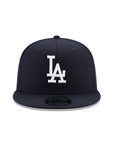 Los Angeles Dodgers Navy On White 9Fifty Snapback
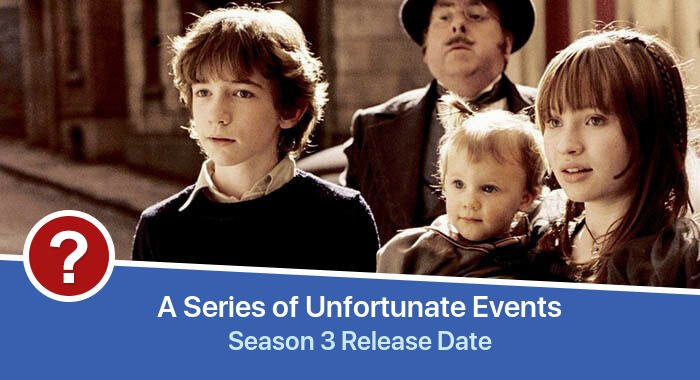 A Series of Unfortunate Events Season 3 release date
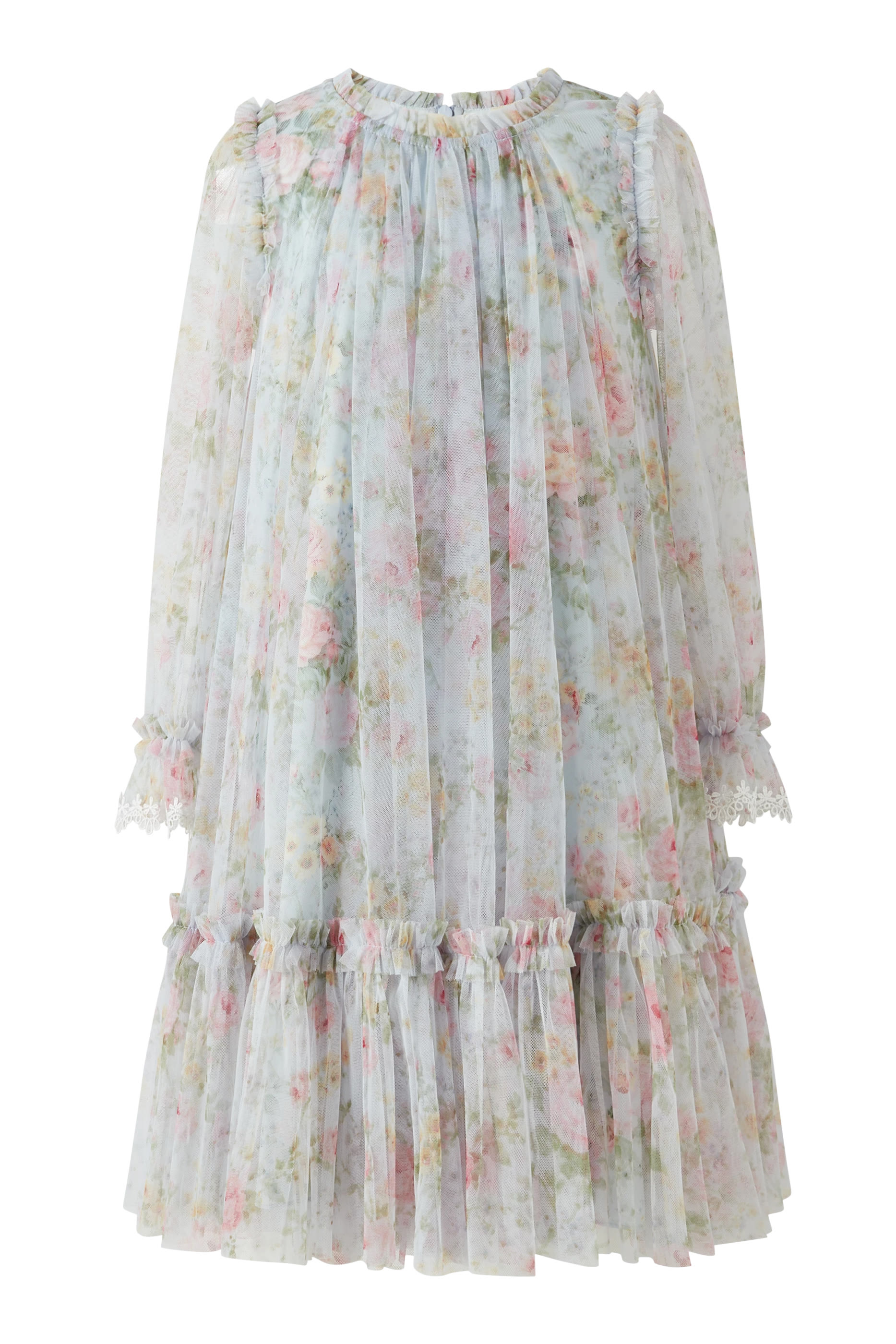 Kids Pompadour Garden Dress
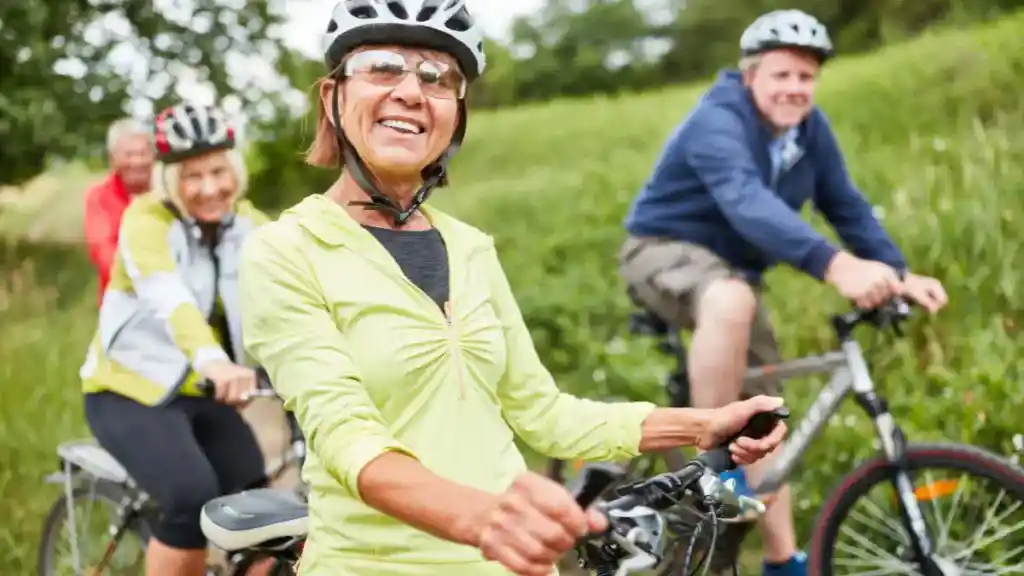 Benefícios de andar de bicicleta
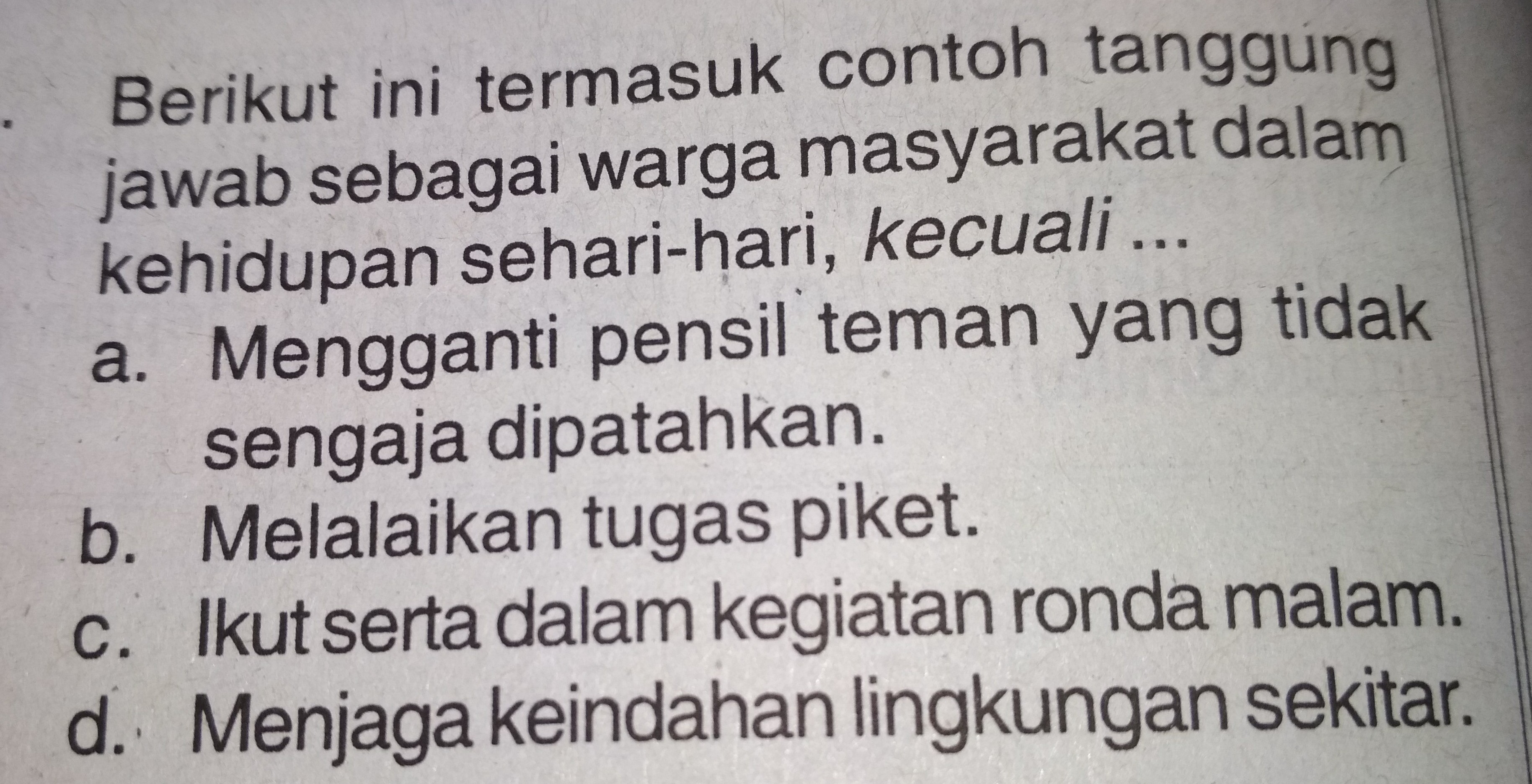 Detail Contoh Tanggung Jawab Di Masyarakat Nomer 9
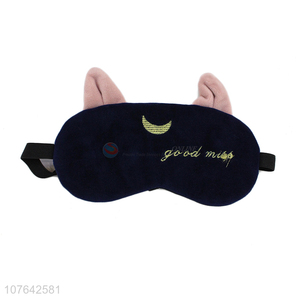 Factory price cartoon gel blindfold short plush sleeping eye mask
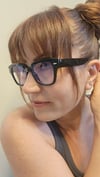 Liza Leo Clear-Şeffaf Gözlük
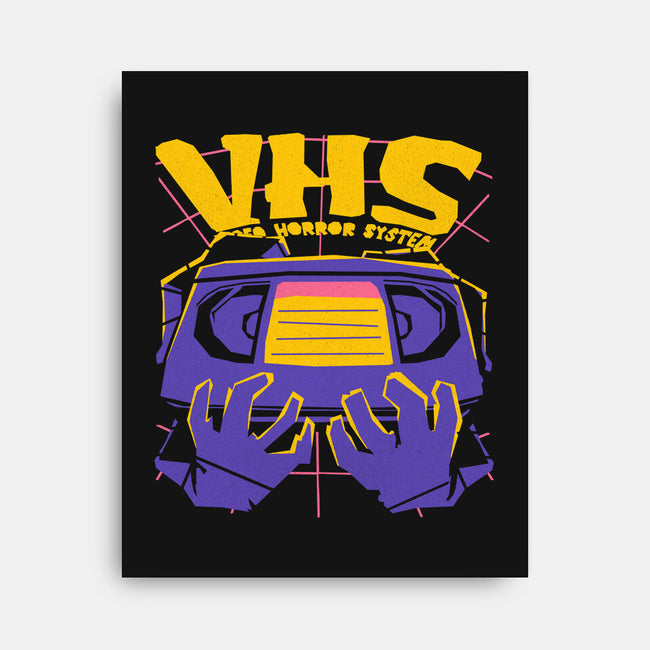 Video Horror System-None-Stretched-Canvas-estudiofitas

= = = =

TASK TO COMPLETE » Give back the material above exactly as written, but omit the images.

TASK SOLUTION »
 Los Angeles Dodgers Navy On White 9Fifty Snapback
 A Series of Unfortunate Events Season 3 release date
 Kids Pompadour Garden Dress
 Benefícios de andar de bicicleta
 Detail Contoh Tanggung Jawab Di Masyarakat Nomer 9
 Factory price cartoon gel blindfold short plush sleeping eye mask
 Liza Leo Clear-Şeffaf Gözlük
 Video Horror System-None-Stretched-Canvas-estudiofitas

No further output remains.